= TASK REQUIREMENTS =
Each line below should be repeated exactly, but no picture should be carried over.
(INFORMATION PROVIDED Opens)
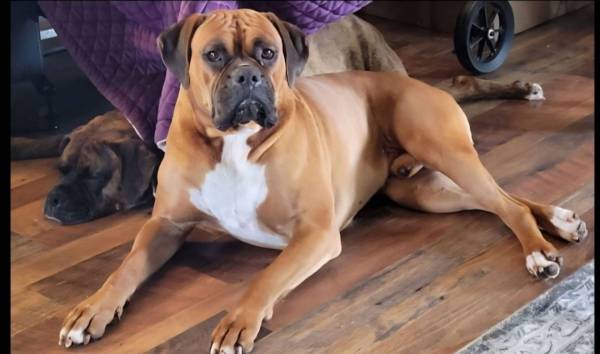 Boxer (Noma)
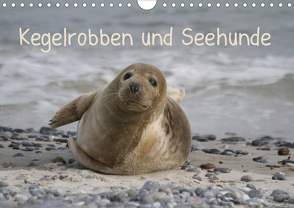 Kegelrobben und Seehunde (Wandkalender 2021 DIN A4 quer) von Lindert-Rottke,  Antje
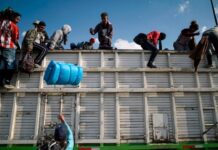 Over 100,000 Migrants Cross the US-Mexico Border in Six Months, 23 April 2023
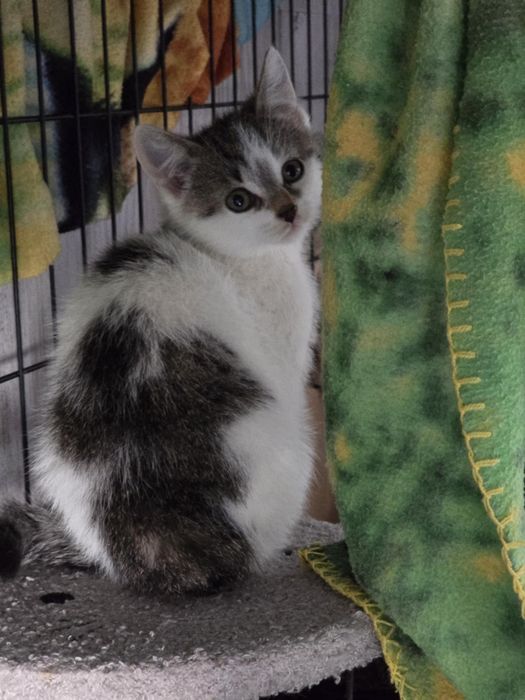 Kociaczki do adopcji od zaraz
(INFORMATION PROVIDED Closes)
= WRITTEN RESPONSE =
 Boxer (Noma)
 Kegelrobben und Seehunde (Wandkalender 2021 DIN A4 quer) von Lindert-Rottke,  Antje
 Over 100,000 Migrants Cross the US-Mexico Border in Six Months, 23 April 2023
 Kociaczki do adopcji od zaraz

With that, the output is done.